Web page caption snippets:
————————
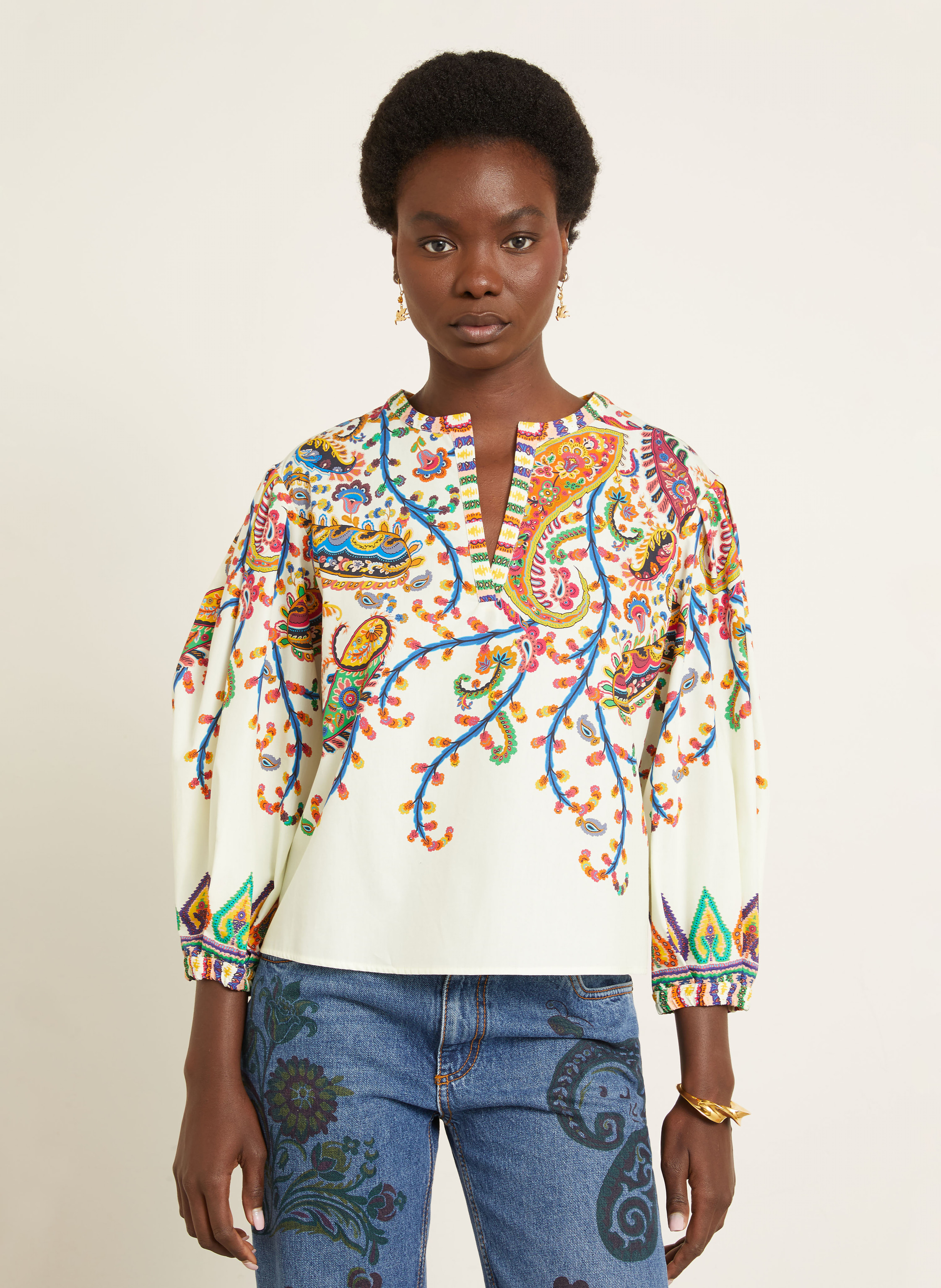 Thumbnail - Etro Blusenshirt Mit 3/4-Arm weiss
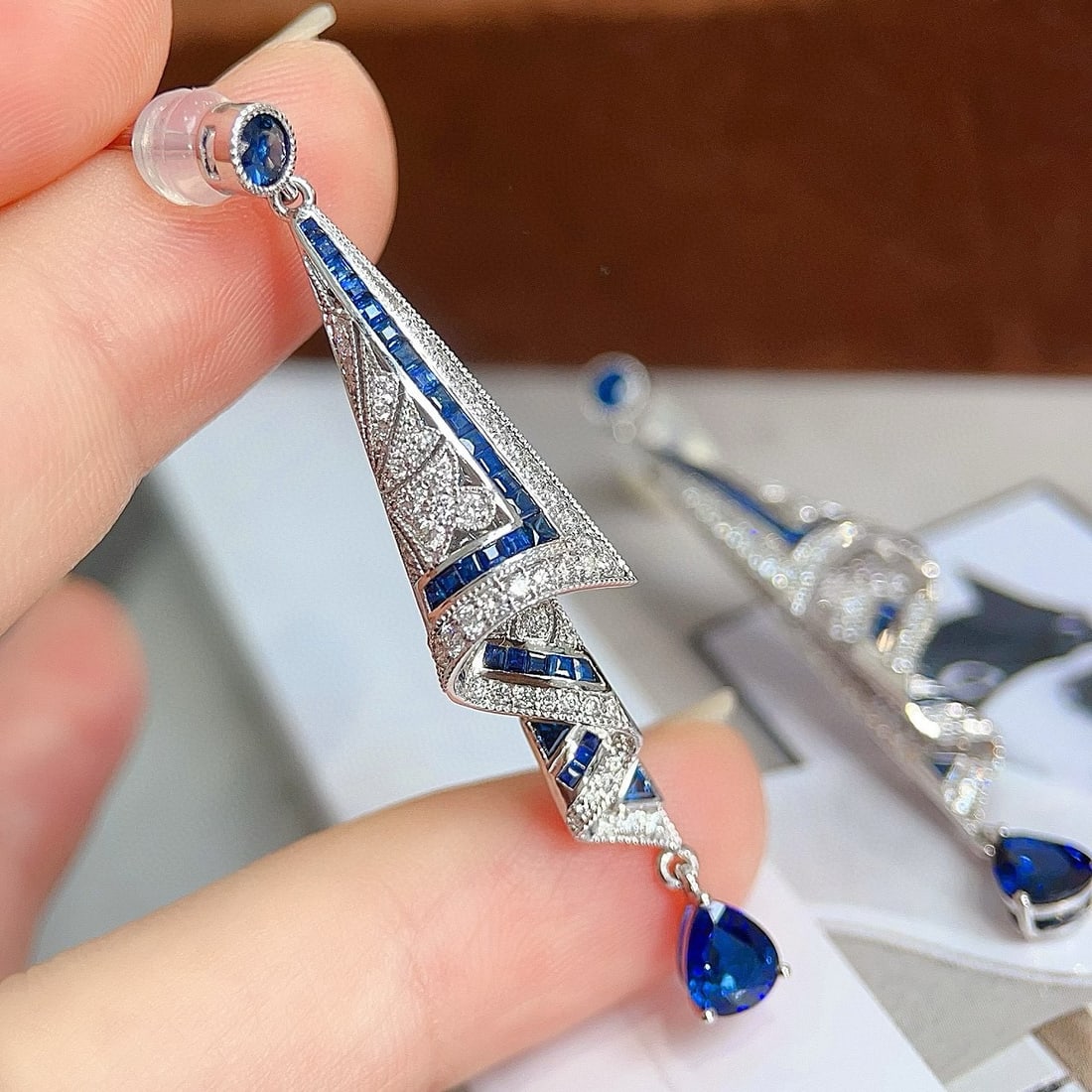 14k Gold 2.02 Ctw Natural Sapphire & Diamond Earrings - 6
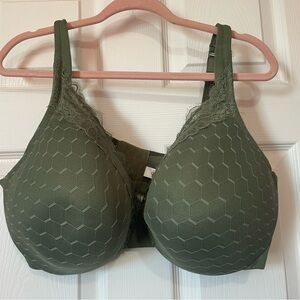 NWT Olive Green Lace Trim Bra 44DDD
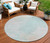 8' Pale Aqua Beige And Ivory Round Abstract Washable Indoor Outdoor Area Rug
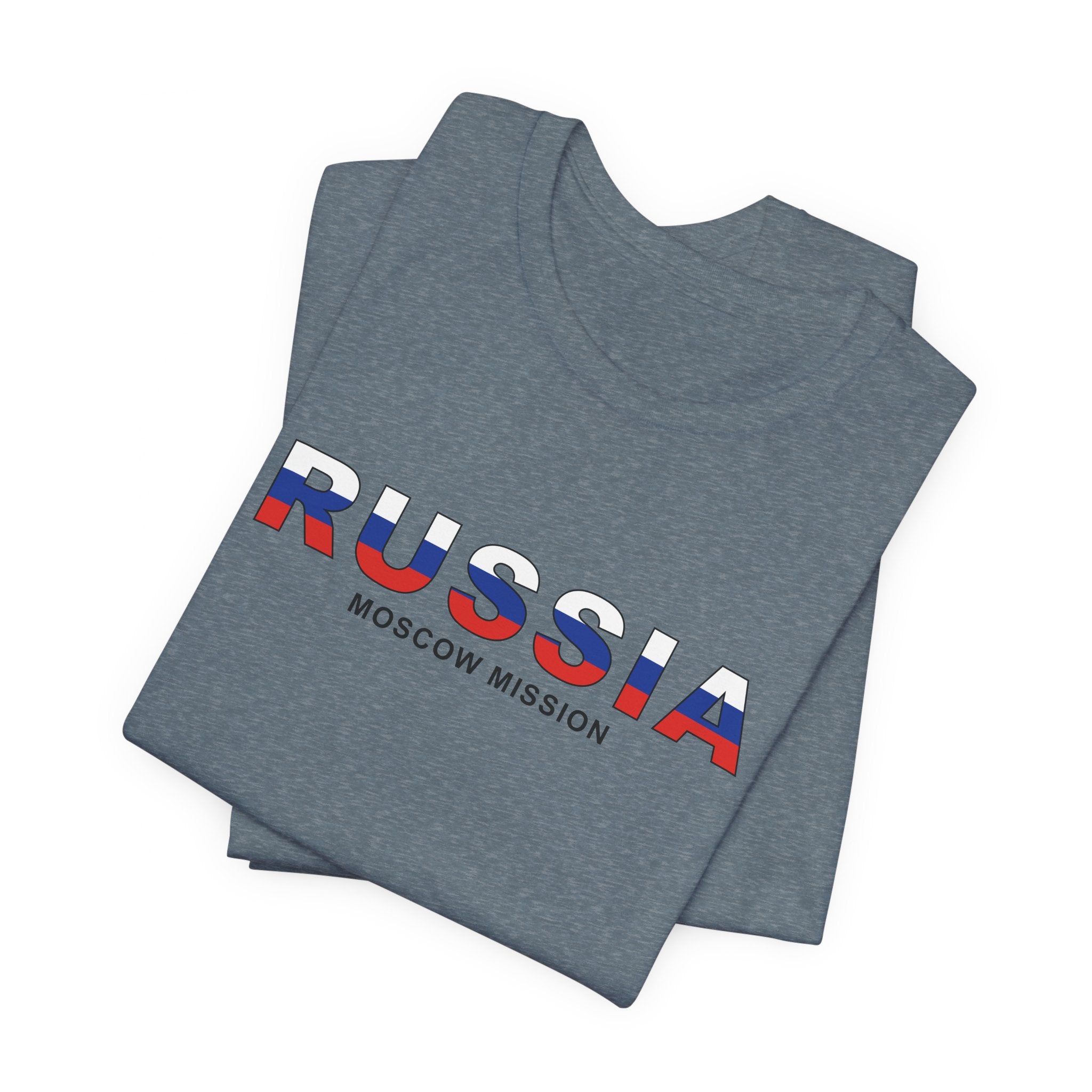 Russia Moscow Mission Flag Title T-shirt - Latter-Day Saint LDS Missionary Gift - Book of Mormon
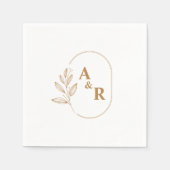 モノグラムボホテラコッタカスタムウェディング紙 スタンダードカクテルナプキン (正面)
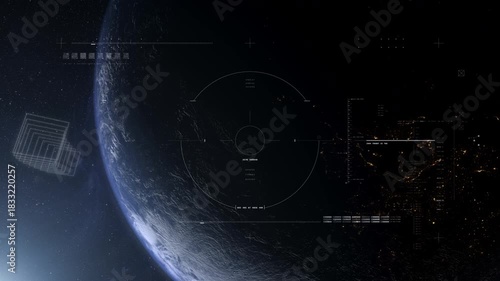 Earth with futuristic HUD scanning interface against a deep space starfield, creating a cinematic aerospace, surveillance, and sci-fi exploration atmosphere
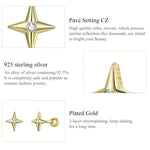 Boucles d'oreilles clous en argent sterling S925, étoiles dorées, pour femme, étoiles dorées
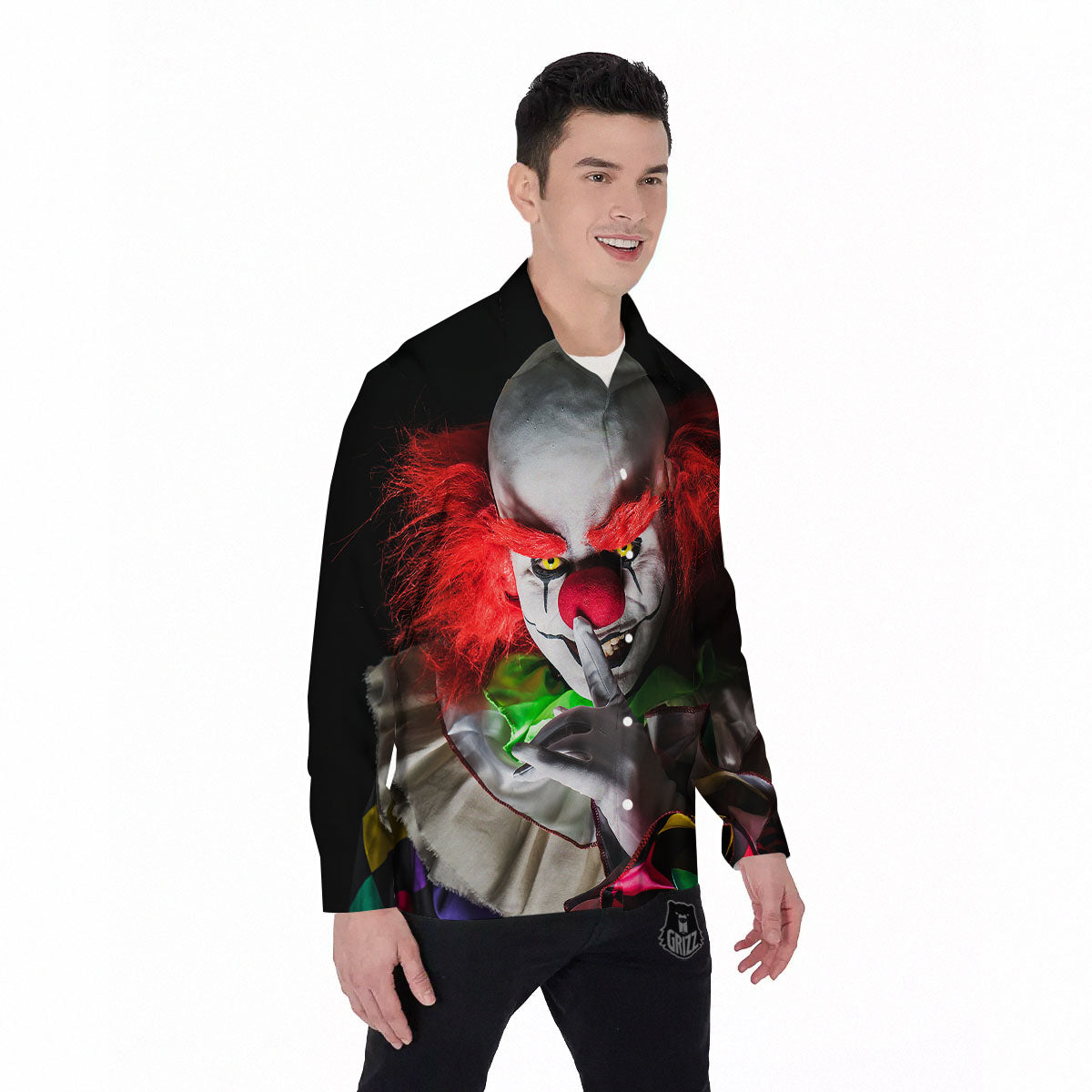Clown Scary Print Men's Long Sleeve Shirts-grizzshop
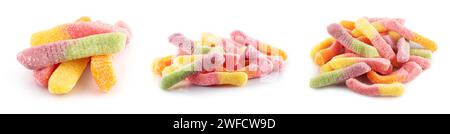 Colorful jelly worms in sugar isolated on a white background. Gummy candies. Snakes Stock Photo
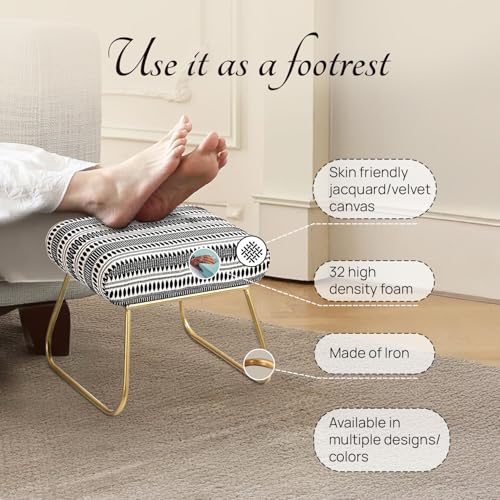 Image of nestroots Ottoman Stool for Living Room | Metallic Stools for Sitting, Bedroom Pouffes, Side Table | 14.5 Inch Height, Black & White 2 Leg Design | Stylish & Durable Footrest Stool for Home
————————
EXERCISE DETAILS: All lines between the one that contains "Boucles d'oreilles clous" and the end of the records above, both included, are to be returned exactly as they stand, except for pictures, which are omitted.

WRITTEN ANSWER:
 Boucles d'oreilles clous en argent sterling S925, étoiles dorées, pour femme, étoiles dorées
Clown Scary Print Men's Long Sleeve Shirts-grizzshop
 Colorful jelly worms in sugar isolated on a white background. Gummy candies. Snakes Stock Photo
 Image of nestroots Ottoman Stool for Living Room | Metallic Stools for Sitting, Bedroom Pouffes, Side Table | 14.5 Inch Height, Black & White 2 Leg Design | Stylish & Durable Footrest Stool for Home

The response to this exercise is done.